The key question is where to avoid best entering this state in the first
place?

Jan

--
Siemens AG, Technology
Competence Center Embedded Linux

Stefano Babic

unread,

Feb 21, 2023, 3:31:27 AM2/21/23

to Jan Kiszka, efibootguard-dev, cip-dev, Christian Storm, Quirin Gylstorff, Adler, Michael (CT RDA IOT SES-DE)

Hi Jan,

On 21.02.23 08:09, Jan Kiszka wrote:
> Hi again,
>
> playing with updates, I maneuvered the EBG envs on a system into this
> weird state:
>
>
> ----------------------------
> Config Partition #0 Values:
> in_progress: yes
> revision: 4
> kernel: C:BOOT1:linux.efi
> kernelargs:
> watchdog timeout: 0 seconds
> ustate: 3 (FAILED)
>
> user variables:
> recovery_status = failed
>
>
>
> ----------------------------
> Config Partition #1 Values:
> in_progress: no
> revision: 3
> kernel: C:BOOT1:linux.efi
> kernelargs:
> watchdog timeout: 0 seconds
> ustate: 2 (TESTING)
>
> user variables:
>

I see - we should *never* reach this state.

>
> To get there, I started an upstate with swupdate and booted into testing
> path #1.

Ok

> But then didn't confirm this update and rather started it
> again, using the same swu.

It looks to me that this is the point.
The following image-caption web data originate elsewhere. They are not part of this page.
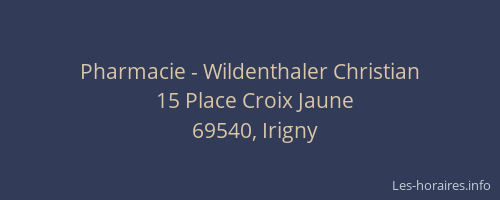 Pharmacie - Wildenthaler Christian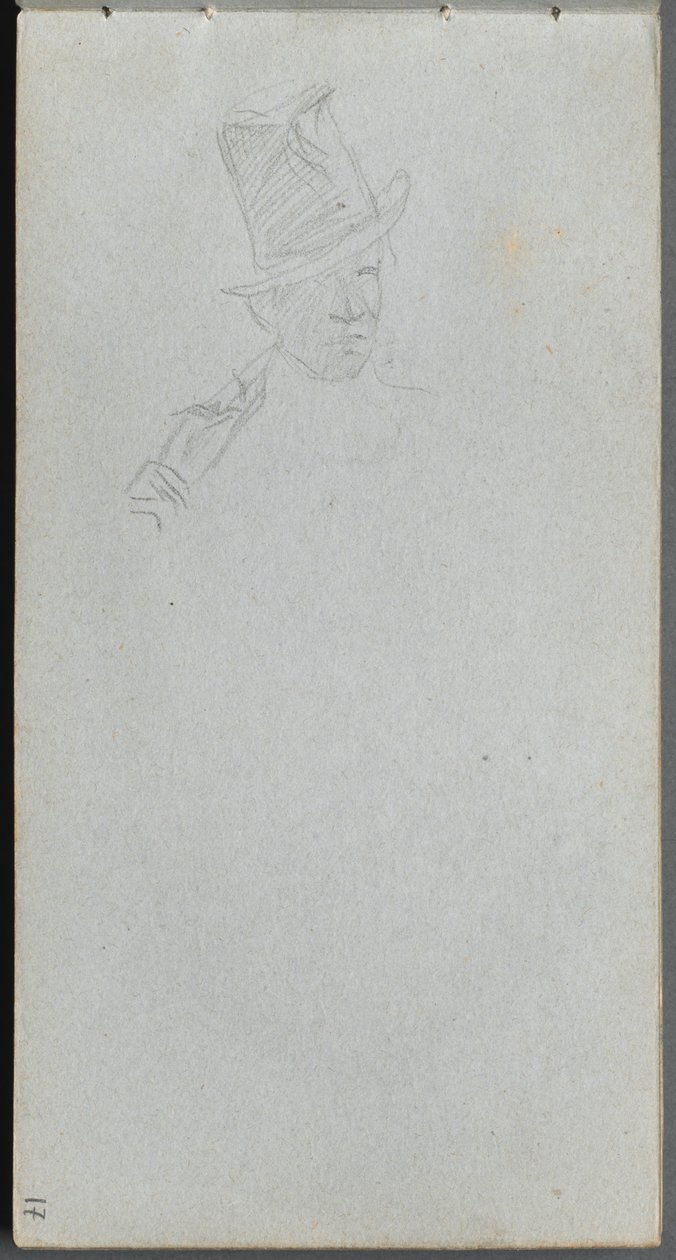 Skizzenbuch, Seite 17: Büste eines Mannes mit Zylinder von Ernest Meissonier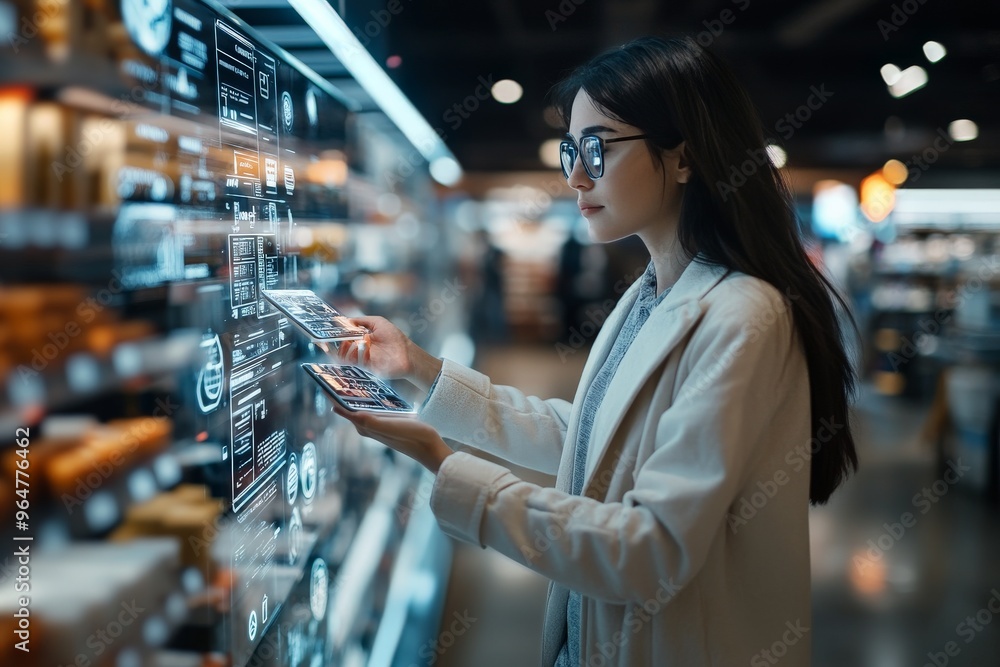 Poster a woman interacts with a transparent touchscreen interface in a high-tech environment. the image sho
SWUpdate requires to close the
transaction, for itself or for the deployment server (Hawkbit). If a
system boots with TESTING, the glue logic should start SWUpdate asking
to close the transaction - with OK or FAILED by passing the -c parameter.

However, this was thought to work together with the deployment server,
because it handles the state machine on Hawkbit. The parameter is
ignored if another deployment interface (Webserver, USB, ..) is used.
This is managed (again) on such situation on glue logic, and the
transaction (that is set of ustate) is done before starting SWUpdate. Or
in case of U-Boot, it is also managed with the help of additional (and
custom) variables.

In your case, it seems that nothing is done at boot time, and SWUpdate
is started. SWUpdate does not know (because it expects that someone has
already decided, and ustate is not checked) that a new software is
running, and the same SWU is loaded again.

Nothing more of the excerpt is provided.